Ciência e democracia

Ciência e democracia: os vocábulos mágicos do ocidente pós-moderno. Quando convertidos em adjetivos ou advérbios, conferem a qualquer termo um caráter incorruptível, magnífico, sagrado. E a política, nojenta política, não faz senão explorá-los. O processo não guarda segredo: é apoiar-se, em nome da “ciência” ou da “democracia”, à realização da própria vontade. E então espoliar liberdades. Quem será o louco a se declarar anticiência? E a ciência pode dizer — deve dizer! — ser questão de saúde pública algo como a gestação artificial, ou a extinção de carne vermelha dos cardápios, ou qualquer outra medida que, impreterivelmente, deve ser adotada por todos, sob pena de multa ou cadeia — aqui, é claro, a atuação do deus Estado. Muito bem! Pois se é sobre o nome da “ciência” e da “democracia” que este século se apoiará para avançar sobre a liberdade individual, folgo em declarar-me, a mim mesmo, o primeiro animal anticiência e antidemocracia do ocidente.

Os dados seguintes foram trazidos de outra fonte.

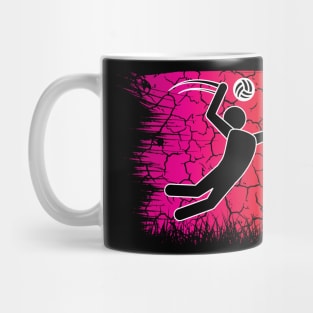 Travel back in time with beach volleyball - Retro Sunsets shirt featuring a player! Mug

Filosofia científica: a piada que não se conta numa mesa de jantar

Sou apresentado a um filósofo “genial” cuja obra integra perfeitamente a filosofia e a ciência. “Um positivista?” Negativo. E, segundo o gênio, correntes como o existencialismo tratam-se de pseudofilosofia. É-me o sorriso automático. Estou, em verdade, em ótimos dias: graças a Pessoa, dediquei várias centenas de páginas à astrologia. Creio, porém, que o filósofo genial me não tomará o tempo da leitura de um sumário. A mim é gritante: a filosofia só se harmoniza com a ciência quando deixa de tratar dos grandes problemas do homem — justamente aqueles que extrapolam o escopo da ciência. Integrar filosofia e ciência é, de forma prática, mutilar a filosofia e ignorar a aplicabilidade real da ciência. Mas admito: não há surpresa. Conquanto “filosofia científica” seja uma piada grosseira, daquelas que não se conta numa mesa de jantar, é natural que a presunção humana queira colar, em todos os substantivos disponíveis, o qualitativo supremo: assim se garante a vitória sobre o passado — velhíssimo passado…

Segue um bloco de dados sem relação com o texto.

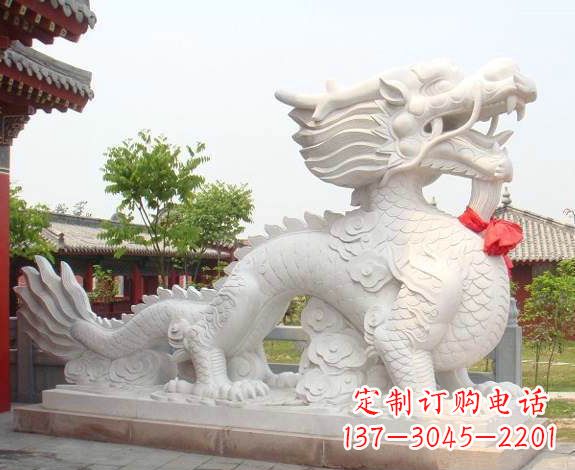 丽水汉白玉生肖龙雕,精致传承岁月之美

Um sujeito comum não se mata por um problema matemático

Um sujeito comum não se mata por um problema matemático, nem por sua incompreensão da termodinâmica. Talvez o faça um físico, desde que tal problema, para ele, tome cunho existencial. Mas o sujeito comum, assim como o físico, mata-se após uma grande perda financeira, afetiva, ou após uma decepção amorosa. Percebe-se, aqui, um traço comum entre ambos, ou um problema que a ambos atinge. Sucede que esse problema, exposto pelas mais variadas maneiras, é o problema central da existência humana. E não posso deixar de notar, entre todas as mentes mais brilhantes da história, a minha predileção por aquelas que foram capazes de enxergá-lo.